# What is a balmoral shoe? ...



## speedmaster (May 27, 2008)

And what is a blucher? Thanks for cutting this newbie some slack, I'm still not clear on the differences between an oxford and a derby. :icon_smile_big:


----------



## medwards (Feb 6, 2005)

The oft-noted challenge is that Americans and British participants on this Forum use the same terms to mean different things. In British usage, an *oxford* is a closed-throated shoe with a laced front. This is what Americans call a *Balmoral* or (*bal*). Here's the classic image:

https://img201.imageshack.us/my.php?image=img0177yf1.jpg

https://img252.imageshack.us/my.php?image=chelsea400as2.jpg

On the other hand, Americans tend to use the term *oxford* to mean virtually any lace-up shoe while in the classic British sense a *Balmoral* is a specific type of oxford with its seam running horizontally along its sides, like this:

https://img18.imageshack.us/my.php?image=img0443k.jpg

The shoes that Americans on this Forum generally say are *bluchers* are termed *derby* shoes in the UK and are identifiable by their open throat front over the instep like this:

https://img136.imageshack.us/my.php?image=derby9kk.jpg

Traditionally, balmorals/oxfords have been town shoes and appropriate (in the right colours of course) for wearing with business suits while derby/bluchers have been their more informal brethren more suitable for country and casual wear. However, this topic has been discussed many times on this Forum and there is certainly a large contingent that finds derby/bluchers perfectly acceptable for town wear, particularly in the US. Moreover, as has been often noted, there is a continuum of formality within each genre and whether a particular shoe fits the occasion may well depend on that specific shoe's styling, construction, leather, colour, finish and related details.

https://askandyaboutclothes.com/community/showthread.php?t=64785


----------



## Flanderian (Apr 30, 2008)

I think that's a superb explanation, thank you.
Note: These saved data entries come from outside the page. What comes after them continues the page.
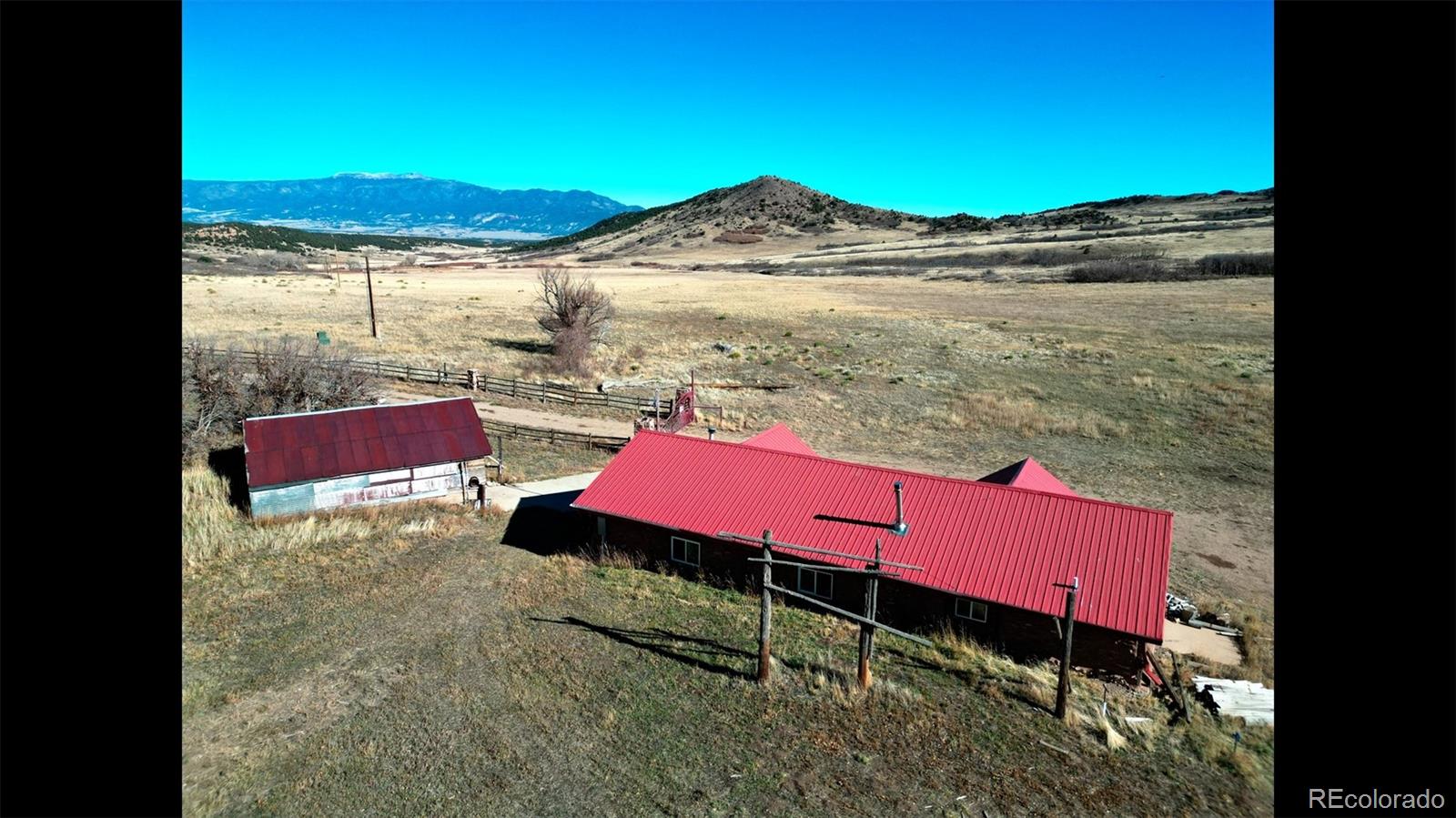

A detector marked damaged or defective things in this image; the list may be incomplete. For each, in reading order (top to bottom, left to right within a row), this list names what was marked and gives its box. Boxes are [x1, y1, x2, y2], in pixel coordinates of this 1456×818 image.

rusty red roof panel [238, 396, 489, 486]
rusty red roof panel [739, 416, 821, 454]
rusty red roof panel [568, 430, 1170, 640]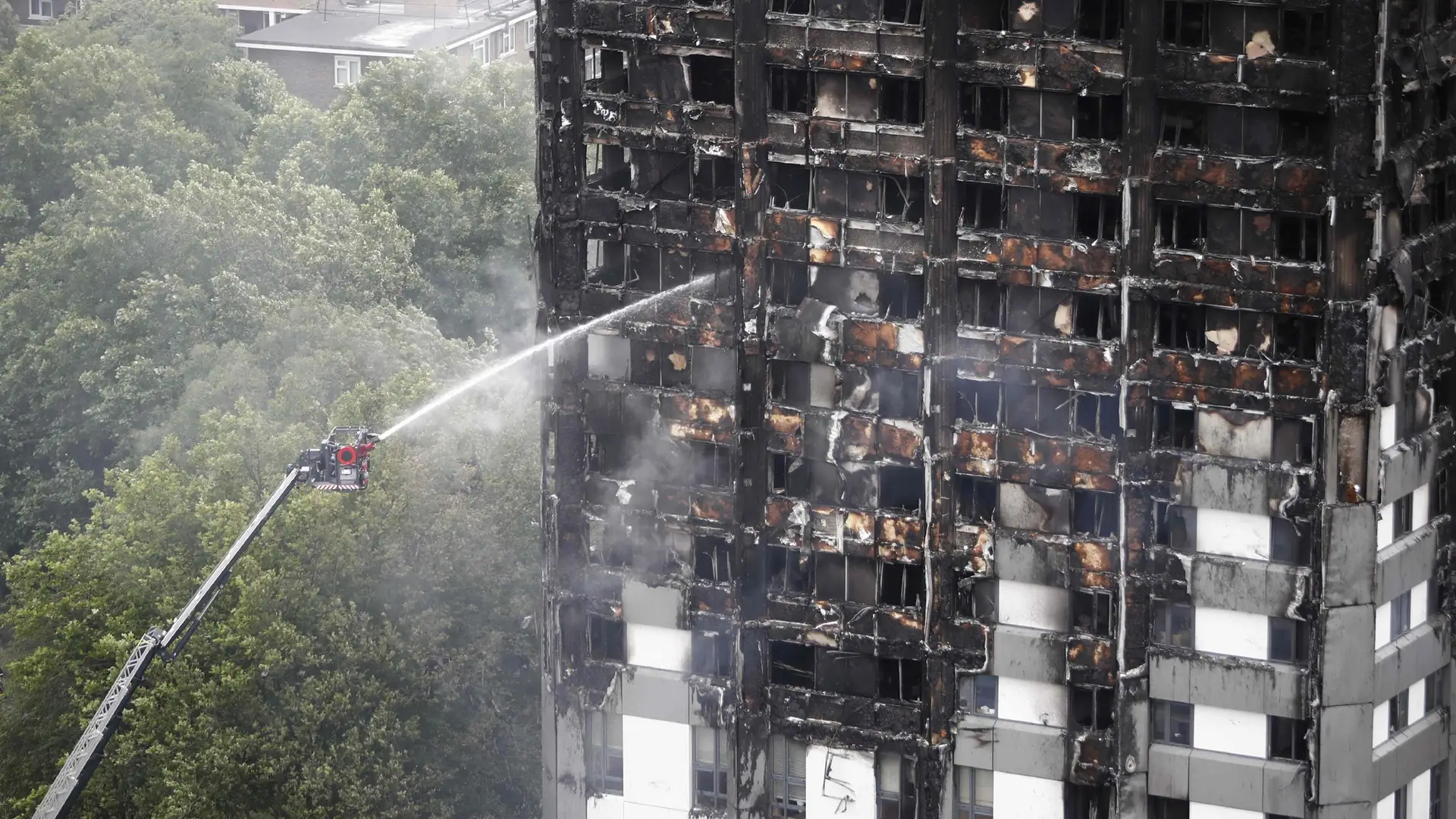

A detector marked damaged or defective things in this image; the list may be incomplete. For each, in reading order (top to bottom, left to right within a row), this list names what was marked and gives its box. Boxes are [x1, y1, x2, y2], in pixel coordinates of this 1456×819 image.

burnt-out window [879, 0, 926, 24]
burnt-out window [1077, 0, 1118, 39]
burnt-out window [1159, 0, 1205, 46]
burnt-out window [1287, 8, 1333, 58]
burnt-out window [690, 55, 733, 105]
burnt-out window [768, 66, 815, 112]
burnt-out window [874, 76, 920, 124]
burnt-out window [961, 83, 1007, 130]
burnt-out window [1072, 94, 1124, 141]
burnt-out window [1159, 99, 1205, 148]
burnt-out window [1281, 109, 1328, 156]
burnt-out window [692, 155, 739, 202]
burnt-out window [768, 161, 815, 208]
burnt-out window [961, 180, 1007, 227]
burnt-out window [1077, 192, 1118, 240]
burnt-out window [1153, 201, 1200, 249]
burnt-out window [1281, 214, 1328, 260]
burnt-out window [774, 259, 809, 304]
burnt-out window [955, 278, 1001, 326]
burnt-out window [1077, 291, 1118, 339]
burnt-out window [1275, 312, 1322, 359]
burnt-out window [955, 378, 1001, 422]
charred building facade [535, 0, 1456, 810]
burned high-rise tower [535, 0, 1456, 810]
burnt-out window [1007, 381, 1077, 434]
burnt-out window [1077, 391, 1118, 437]
burnt-out window [1147, 402, 1194, 446]
burnt-out window [879, 463, 926, 507]
burnt-out window [955, 472, 1001, 521]
burnt-out window [1077, 484, 1118, 536]
burnt-out window [695, 533, 733, 582]
burnt-out window [768, 541, 815, 592]
burnt-out window [879, 559, 926, 606]
burnt-out window [585, 614, 626, 658]
burnt-out window [692, 626, 733, 673]
burnt-out window [768, 638, 815, 682]
burnt-out window [874, 652, 920, 699]
burnt-out window [1072, 588, 1112, 635]
burnt-out window [1147, 597, 1194, 647]
burnt-out window [1269, 714, 1316, 758]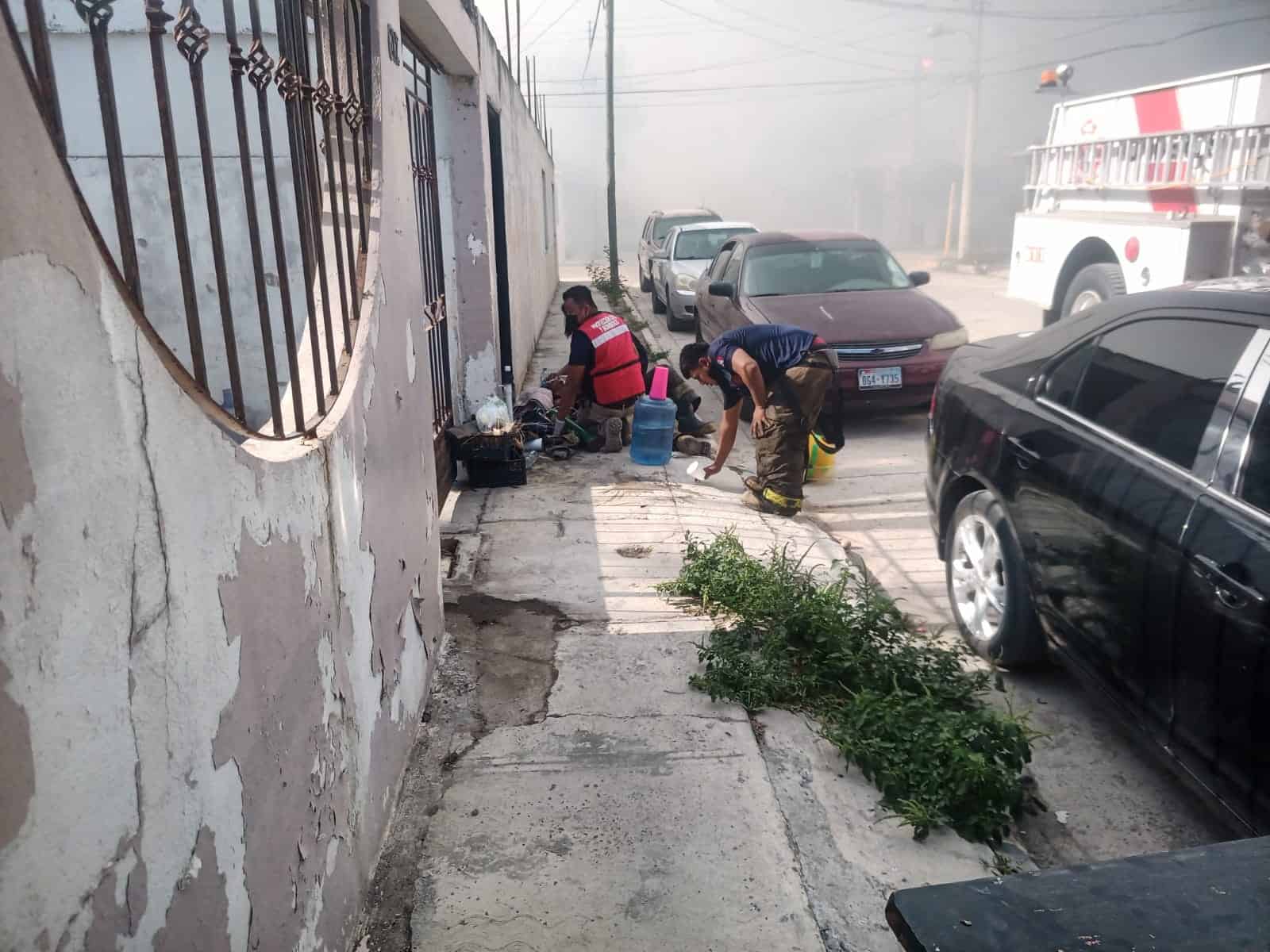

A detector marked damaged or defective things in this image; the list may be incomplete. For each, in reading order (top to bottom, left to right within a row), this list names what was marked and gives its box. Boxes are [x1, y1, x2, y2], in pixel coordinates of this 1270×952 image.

cracked concrete wall [0, 3, 447, 949]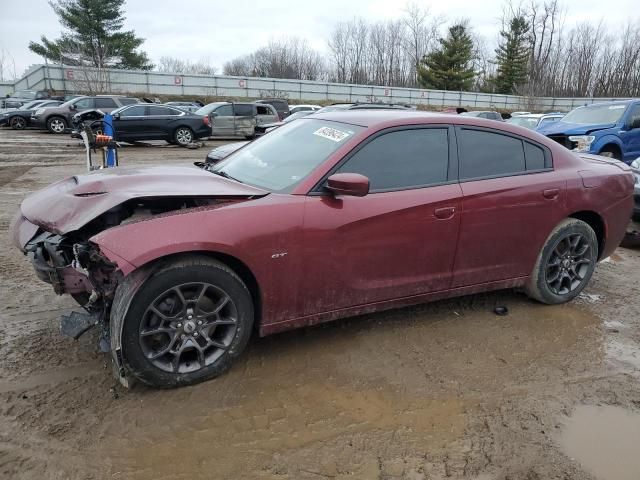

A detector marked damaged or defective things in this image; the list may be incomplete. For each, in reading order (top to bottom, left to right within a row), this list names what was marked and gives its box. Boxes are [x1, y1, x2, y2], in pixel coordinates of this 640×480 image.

crumpled hood [19, 165, 264, 234]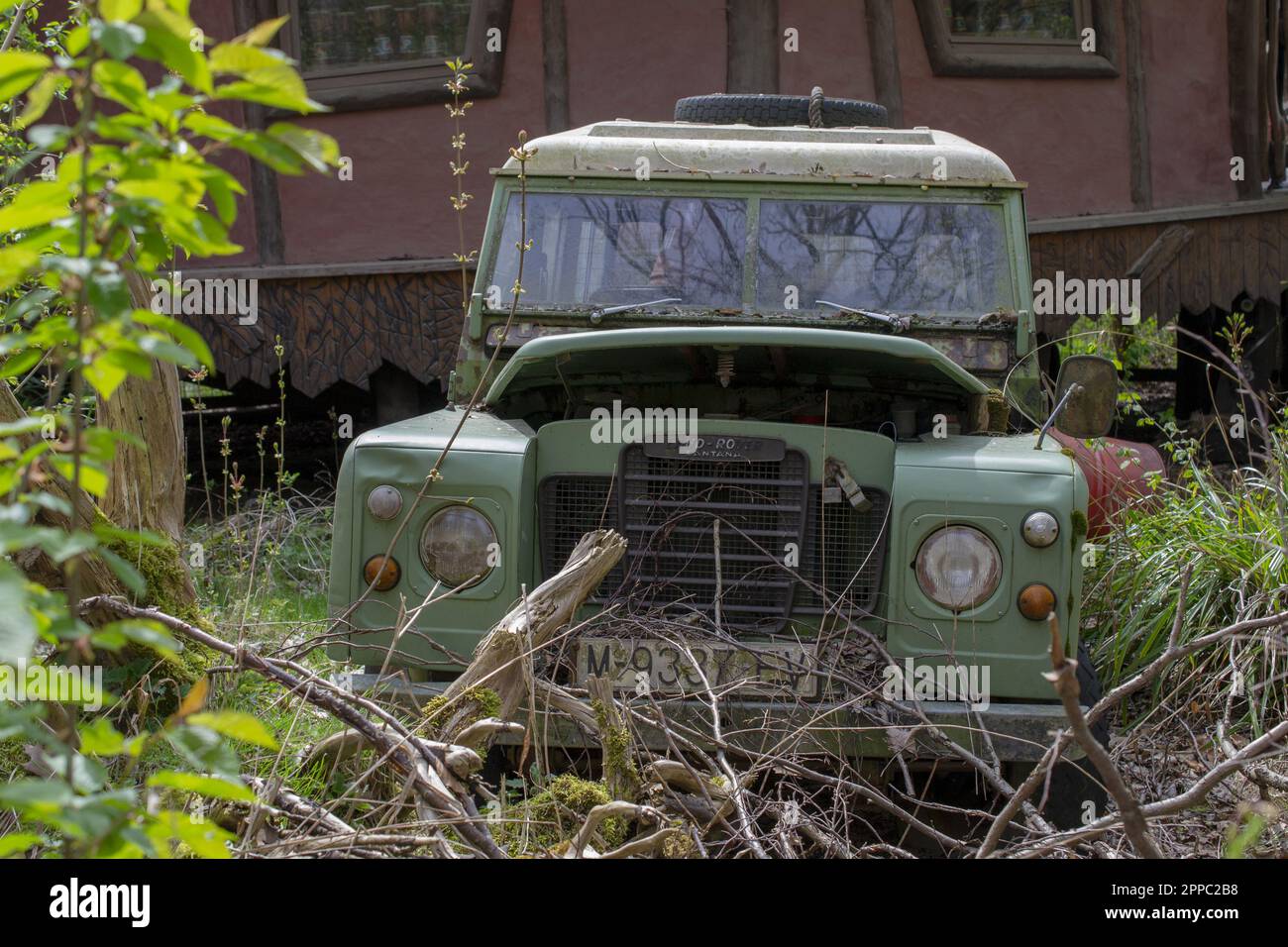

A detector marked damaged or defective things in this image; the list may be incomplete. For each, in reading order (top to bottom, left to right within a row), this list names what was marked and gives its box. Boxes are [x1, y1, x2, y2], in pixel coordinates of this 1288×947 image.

abandoned jeep [327, 94, 1153, 824]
And while I thought I knew what all the terms meant, I didn't know that the British use of the term balmoral referred to a particular type of oxford. (And by the way, the shoe in the photo used as an example is gorgeous!)


----------



## Spence (Feb 28, 2006)

For goodness sakes use the SEARCH man!

-spence


----------



## Francisco D'Anconia (Apr 18, 2007)

Spence said:


> For goodness sakes use the SEARCH man!
> 
> -spence


^ Indeed, a search would have revealed this thread: Balmorals and Bluchers - Shoes 101 that includes an earlier publicaton of Medwards's post in this thread. But cut a tyro some slack. This isn't SF.

While _not_ endorsing Tom James, they do have an excellent explanation of the differences between the oxford/balmoral and derby/blucher in their Virtual Valet - it's both verbal and graphic....
















--^ Derby/Blucher ^ ---------------- ^ Oxford/Balmoral ^ --

In a *blucher*, the "quarters" (the part that begins at the laces) flap open, giving extra room at the instep.

In a *balmoral*, the quarters meet evenly with no flap.


----------



## speedmaster (May 27, 2008)

Thanks VERY much, guys! And Spence, I'll be better about the search. ;-)


----------



## Mannix (Nov 24, 2008)

Francisco D'Anconia said:


> ^ Indeed, a search would have revealed this thread: Balmorals and Bluchers - Shoes 101 that includes an earlier publicaton of Medwards's post in this thread. But cut a tyro some slack. *This isn't SF.*
> 
> While _not_ endorsing Tom James, they do have an excellent explanation of the differences between the oxford/balmoral and derby/blucher in their Virtual Valet - it's both verbal and graphic....
> 
> ...


+1, there are some real asses on SF.


----------